Спасибо людям, которые по долгу службы редактировали «Тихий Дон» и не выбросили из него словечки, придающие столь яркий колорит персонажам этой великой книги.

Сколько добрых, но густо посыпанных солью полярных шуток и розыгрышей я не смог привести! Рассказывал — смеялись, а только заикался, что хорошо бы включить в книгу, — в ужасе махали руками. Мне было горько и обидно и за себя, и за читателей, которые не прочтут, не узнают этих словечек.

«Беседы с Василием Харламовым. Колоритнейшая личность!»

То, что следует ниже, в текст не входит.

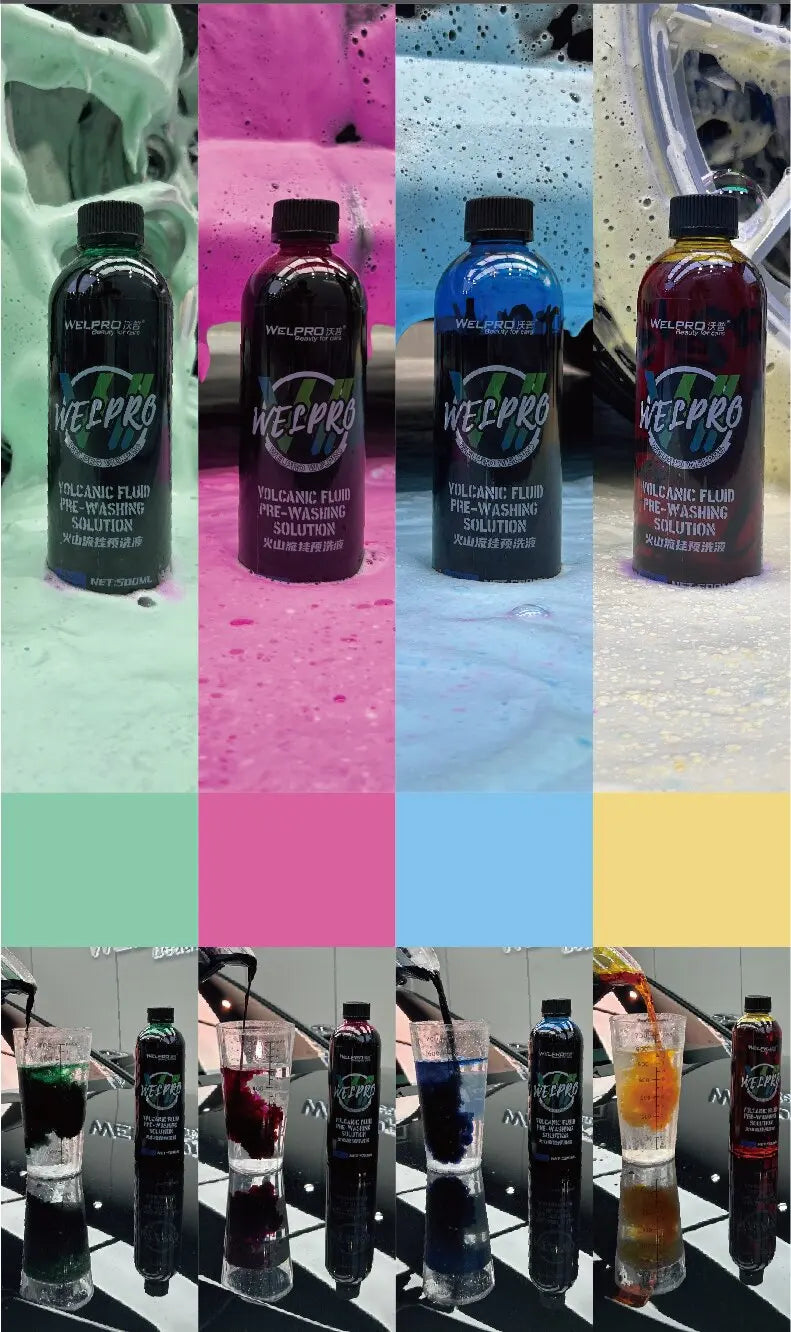Shampoing Auto Moussant Coloré – Foam Wash Haute Densité pour Foam Cannon & Foam Gun | Detailing Auto, Nettoyage et Brillance Carrosserie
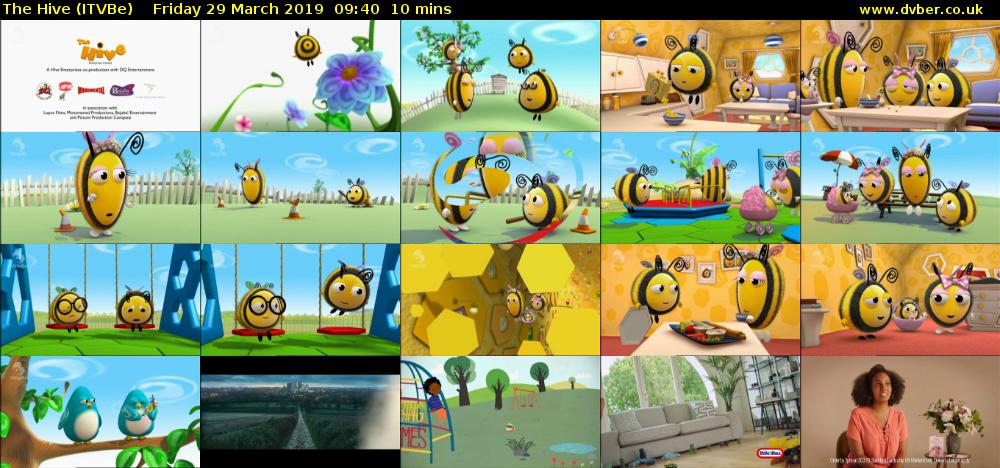 The Hive (ITVBe) Friday 29 March 2019 09:40 - 09:50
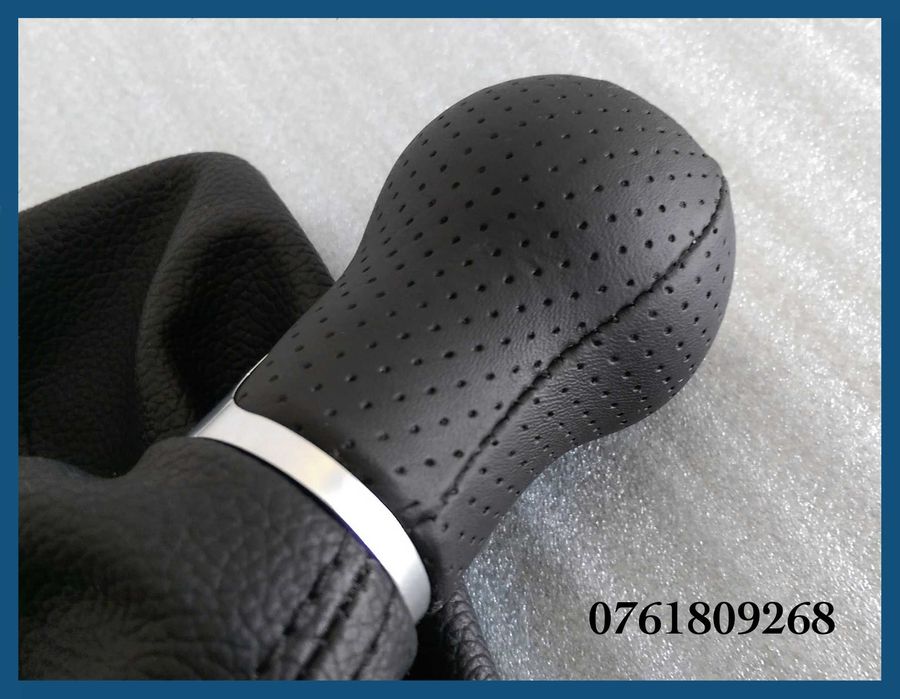 Manson + nuca schimbator piele S Line Audi A4 B8 A5 A6 Q5 cu 6 trepte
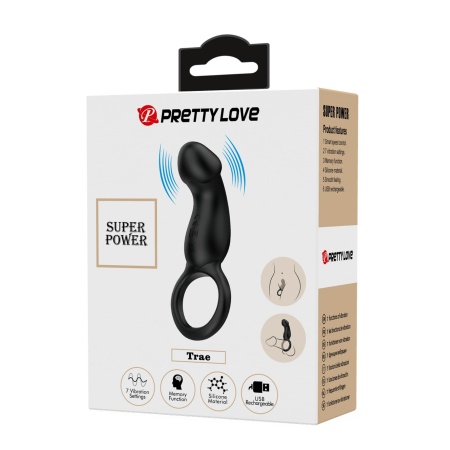 Wibrator Trae black z 7 trybami wibracji, 17,5 cm - 9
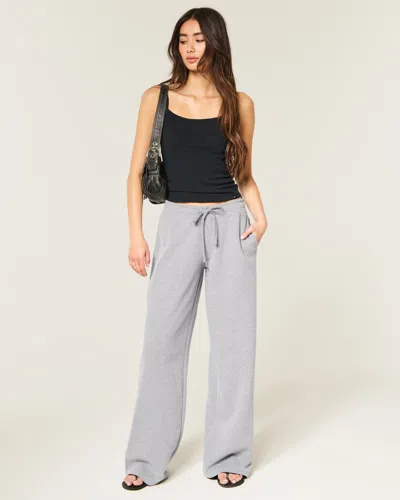 Hollister Feel Good Low-rise Baggy Sweatpants In Brown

Харламов — самый занятой человек на станции: за ним и его двумя механиками, Валерием Шашкиным (тоже бывший восточник) и Мишей Васильевым, — дизельная, тягач и два вездехода, которые требуют неусыпного внимания и, увы, каждодневного ремонта. Но если Мише лет двадцать пять, а Валерию под тридцать, то Харламову за шестьдесят, и все эти годы праздной жизни он не знал. «От времени может зашататься даже такая могучая скала, как Харламов», — с сожалением сказал Сидоров, когда доктор Пономарев обнаружил у главного механика и сильную гипертонию, и шумы в сердце. Только на куполе я узнал, что год назад Харламов провел санно-гусеничный поезд от Востока в Мирный в условиях семидесяти четырех градусов ниже нуля! В походе, который я в свое время описал, морозы достигали семидесяти двух; правда, памятуя о неимоверных трудностях моих походников, Харламов захватил с Востока три тонны керосина, которым в нужной пропорции разбавлял и разогревал на кострах превратившуюся в студень солярку. Поезд в Мирный он привел благополучно, а гипертонию и шумы в сердце прихватил по дороге.

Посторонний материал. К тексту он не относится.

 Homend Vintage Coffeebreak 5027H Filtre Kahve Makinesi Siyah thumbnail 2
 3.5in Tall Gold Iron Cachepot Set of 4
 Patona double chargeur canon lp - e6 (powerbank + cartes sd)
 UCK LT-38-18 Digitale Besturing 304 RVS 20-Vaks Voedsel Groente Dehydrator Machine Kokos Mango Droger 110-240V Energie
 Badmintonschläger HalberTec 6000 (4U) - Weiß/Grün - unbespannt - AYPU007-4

Кажется, все знаешь, многое видел и о многом слышал, а не перестаешь поражаться мужеству и выносливости наших полярников. Кто еще рискнул бы вести поезд по ледяному куполу Антарктиды в таких нечеловечески трудных условиях? Скажу прямо: мужество и выносливость, конечно, замечательные качества, но давно пора не делать ставку только на них. Я уже писал об этом и еще раз повторяю: за такие походы, как у Евгения Зимина в 1969 году и у Василия Харламова в 1978-м, не жаль самых высоких наград (не дали никаких — даже медалей), однако обязательно ли они нужны, эти изнурительные походы, полторы тысячи километров в один конец? Не пора ли наконец от слов перейти к делу и несколько сот тонн необходимых восточникам грузов доставлять на тяжелых транспортных самолетах? Пусть без посадки, хотя бы на сброс, на платформах и парашютах. Кстати говоря, это будет и значительно дешевле: санно-гусеничный поход — штука чрезвычайно дорогостоящая…

Возвращаюсь к Харламову. Он высок и очень силен, механик и дизелист — надежнейший из надежных, имеет звание «мастер вождения тяжелых машин». Незаменимый работник, и в общежитии он, однако, человек не простой: любит поворчать, вспыльчив, не терпит возражений, раздражается при виде не занятых делом людей, может вспыхнуть, причем иногда без достаточных причин. Никому другому на станции Сидоров бы этого не спустил, а Харламову прощает: кому многое дано, тому многое позволено. Товарищей Сидоров предупредил: когда Харламов не в духе — молчите, не возражайте, он быстро отойдет.